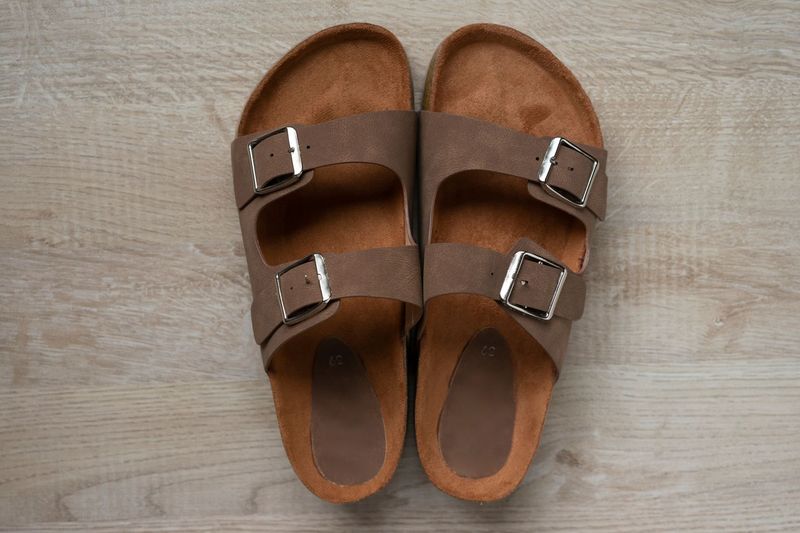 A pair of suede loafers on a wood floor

...

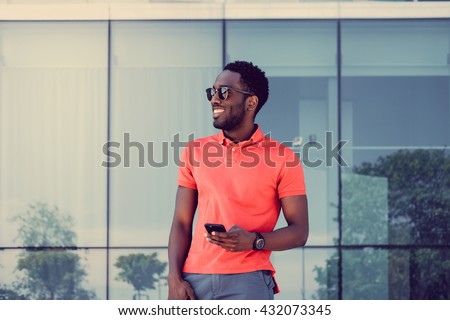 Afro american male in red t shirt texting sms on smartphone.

---

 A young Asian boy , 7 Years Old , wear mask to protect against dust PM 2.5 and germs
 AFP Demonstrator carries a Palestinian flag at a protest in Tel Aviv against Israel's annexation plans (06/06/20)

To do: Restate word for word the lines in the material above from the one with "A young Asian" to the one with "AFP Demonstrator carries"; both of those lines count, and nothing else does.

Response to this task:
 A young Asian boy , 7 Years Old , wear mask to protect against dust PM 2.5 and germs
 AFP Demonstrator carries a Palestinian flag at a protest in Tel Aviv against Israel's annexation plans (06/06/20)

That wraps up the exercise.